BravestOfTheLamps posted:

Well like I've argued, the form of literature is what determines it's effect rather than its content.

For example, A and B are sequences of phrases with the same content but different form:

A.

I could say you're like a summer day, but I think you're even better than that. In May the wind can be rough, and summer doesn't last long enough.

B.

Shall I compare thee to a summer’s day?
Thou art more lovely and more temperate.
Rough winds do shake the darling buds of May,
And summer’s lease hath all too short a date.


Why do they have such radically different effects? Because of their respective forms.


Yes, the second is clearly superior. But that merely shows that we have to consider the form of piece of art.

It does not mean that we must consider only the form. Your samples are a decent example of that - sample A still has the core gimmick of the sonnet - that the poems subject is more lovely than stereotypical romantic imagery. Ask your average layman about "Shall I compare thee" and I doubt you'll have anyone who remembers the shaking buds of May, but people will remember the gimmick.

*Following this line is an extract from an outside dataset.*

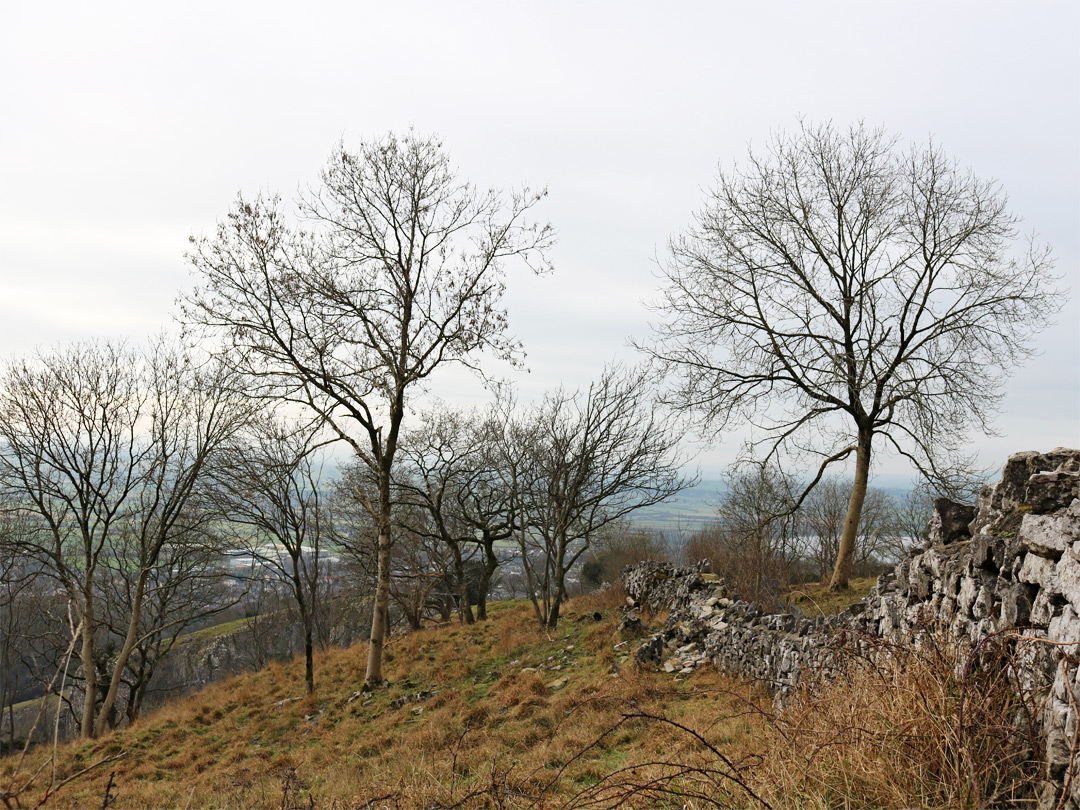 Leafless trees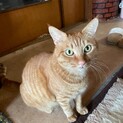 オス　4歳未満　去勢済み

You're working from the principle that we should look only at the prose, and that the characters/themes/philosophy are an irrelevance. And you have staggeringly failed to provide anything to back that up.

BravestOfTheLamps
Oct 12, 2012

by FactsAreUseless
Lipstick Apathy
Well first, that's not the core gimmick of the sonnet, and two, you somehow think that the "gimmick" of the sonnet isn't part of its form. People remember the imagery because of how it's expressed.

People like Bakker's characters, themes, etc only because of how they're written (the form of his novels). You forgot the whole crux of the argument.

BravestOfTheLamps fucked around with this message at 14:06 on Aug 2, 2017

Phanatic
Mar 13, 2007

Please don't forget that I am an extremely racist idiot who also has terrible opinions about the Culture series.

BravestOfTheLamps posted:

You are including things like metre as the "content" of a poem, it's part of its "form"

No, I'm not. I'm not talking about metre, or the fact that one is a sonnet with a rhyme scheme and one is just a sentence.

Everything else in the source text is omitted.